There seems one problem left unresolved so far: times of crisis lead to an increased number of ‘cases’ for social workers. At the same time, as much of the social work is financed by the state there develops a bottleneck as the state, due to unemployment and decreasing tax intake (logically, due to further decreasing tax income due to a lower sum of wages and firms that run bust, and increasing tax evasion*) is not in a position to answer the need. But an answer exists: making social work again more explicitly what it once had been: part of the system that produces and maintains capitalist work force. I know that this is not and had never been the full story. But we can now make it the full story. As said, give social workers with the MA-certificate some raw material to build up thair own business

– Let us face it, seriously: for many, the way out of the miserable state of Third Sector Education is a kind of prostitution, worse than it had ever been before. Worse, as it is now a mass-phenomenon and a matter of institutional prostitution rather than a matter of individual prostitutes.

I may add an additional business idea – for those social workers who are advanced then: enter an arrangement with Al DIese shops: they may even produce the raw material for you … –

You don’t believe it? Coming back to the shopping experience of the Sunday (I only arrived back the other evening, being welcomed by an empty fridge): the cashier seemed to be a nice person, to be honest I had been at some stages caught by her friendliness. May be that the slight Polish accent contributed to it …, but be it as it is, the way she greeted the guy in front of me, the way she said the amount to pay, looking up to him, the way of taking the money, returning the change … . When he left I had been busy get my stuff ready and getting myself ready for the high-speed scan and pack game. Now, my turn: I politely answered the kind

“How are you?”

I replied

– “Great day, isn’t it – even if people like us are working.”

I didn’t say that I just left the office, and would have to continue working at home.
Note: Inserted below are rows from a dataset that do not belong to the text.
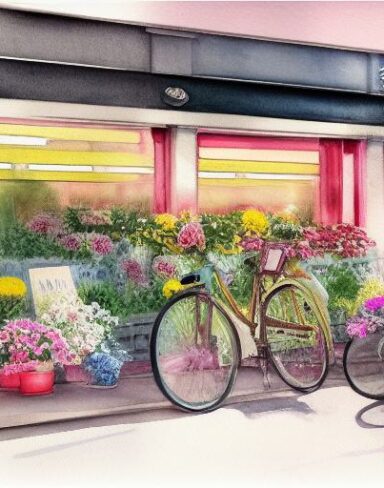 A painting of a bicycle parking in front of a flower shop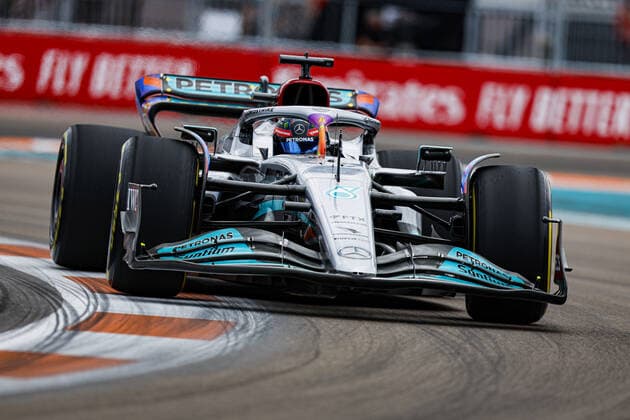 63 RUSSELL George (gbr), Mercedes AMG F1 Team W13, action during the Formula 1 Crypto.com Miami Grand Prix 2022, 5th round of the 2022 FIA Formula One World Championship, WM, Weltmeisterschaft on the Miami International Autodrome, from May 6 to 8, 2022 in Miami Gardens, Florida, United States of America - F1 - MIAMI GRAND PRIX 2022 DPPI Panoramic  00122013__DEL9838.JPG_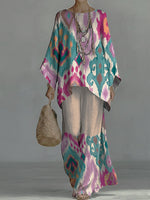 Bohemian-style Color-block Ombré Batwing Top + Linen-look Wide-leg Pants Two-piece Set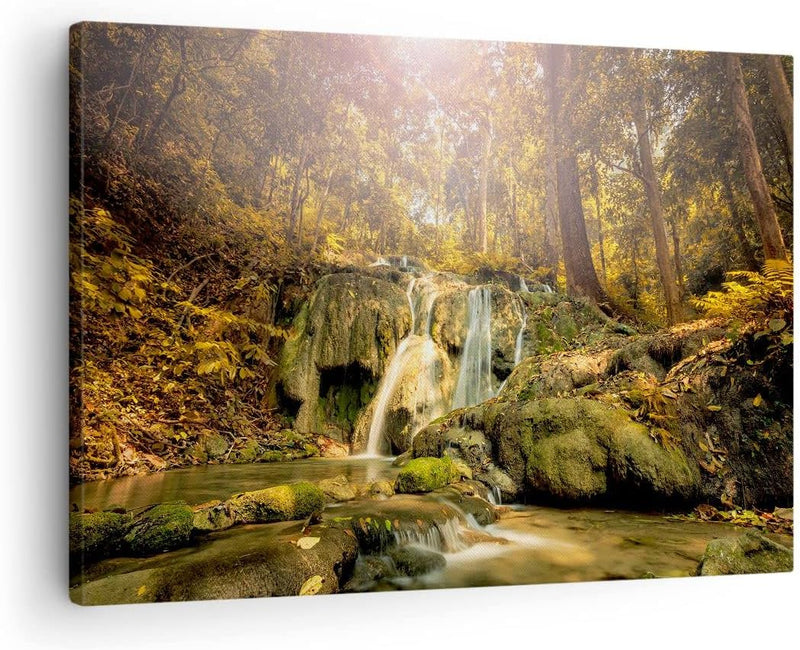 Bilder auf Leinwand Wald Wasserfall Natur Umwelt Leinwandbild 70x50cm Wandbilder Dekoration Wohnzimm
Instead I had been busy to get the stuff packed. “19.43” she smiled at me. I had been wondering how she could be so consistently friendly even if I had been …, well there had been something in the undertone. After finishing business, after I heard her saying “Have a nice evening”, I wanted to say something nice too, just like: “Have a nice evening too – it is nearly closing time.” But I couldn’t. She turned already to the next customer:

“How are you?”

she said it with the slight tiredness, the plaintiveness that allowed to carry on …, for some time, until she would not be able anymore to sell, until she would finally be sold … – or sell herself to a Social Worker Ltd.

_______

I recently read an interview, somebody mentioning that Rosa Luxemburg had been killed on grounds of her ideas, her critical judgment. And the interviewer, comparing the interviewee with her, said: Today there are still fights, serious disputes – but nobody would be killed for not following the mainstream ideas. Let’s hope that it is true. At least it is true that critical thinking, thinking that is aiming on really questioning the foundations of the world we live in, will not arrive in such a comfort who believe in the good rather than analyse the bad. It is the captivating silencing of a creeping process, killing us softly.